Like a lot of people my husband and I are more aware of what we are buying, and we’re definitely cutting back even though our day-to-day income hasn’t been impacted at this point (investments certainly have been). As the owner of a local small business myself, I’m trying to be more intentional with the dollars I do spend to make sure my purchases are purposeful and as local as possible. It’s the little guys who are going to be most impacted by this downturn. The hairdressers whose clients come in every 6 months instead of every 6 weeks. The local restaurants who no longer see families coming in for dinner. The small retailers who can’t compete with big-box store prices when everyone is looking for deep discounts. The local farmers whose produce consumers no longer wish to purchase for more than the cheap imported food.
Here are a few ways we’re spending our money to make sure the impact is felt as strongly and close to home as possible:
- I’m still going to my hairdresser, Melody Oliver of J and J Hair Studio once every six weeks. I know she needs it as she’s had other clients have to cut back. My hair appreciates it too!
- We’re buying our eggs from our neighbors who raise chickens.
- We bought our Christmas tree from the farm across the street, Century Farm at 10050 SW Hazelbrook Road.

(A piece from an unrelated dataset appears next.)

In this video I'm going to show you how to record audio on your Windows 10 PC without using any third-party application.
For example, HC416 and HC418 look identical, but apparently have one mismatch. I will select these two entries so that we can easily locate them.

We got a great deal too with a pre-cut for only $15!
- We’ll be picking up some of Grace’s Christmas presents at Mudpuddles in Sherwood, a wonderful local toy store.

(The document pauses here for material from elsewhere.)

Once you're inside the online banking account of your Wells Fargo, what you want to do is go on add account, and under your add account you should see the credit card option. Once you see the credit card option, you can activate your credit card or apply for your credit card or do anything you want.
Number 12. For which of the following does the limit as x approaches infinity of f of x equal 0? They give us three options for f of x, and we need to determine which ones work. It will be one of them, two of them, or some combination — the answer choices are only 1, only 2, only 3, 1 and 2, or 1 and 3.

- Although I don’t have to buy a lot of clothes for Grace, thanks to hand-me-downs from her cousin Sophia, when I do shop I like to go to Baby and Me or Katelyn’s Closet consignment stores. I know I’m supporting local businesses and shopping in an eco-friendly way.
- We use Tidee-Didee diaper service, which means we’re keeping diapers out of landfills plus our diaper dollars are going to local jobs instead of multi-national diaper companies.
How about you? Do you have a favorite local business you are going out of your way to support? It’s not always the cheapest or most convenient option, but being intentional about how we each spend our money may help some of our local businesses weather this economic storm.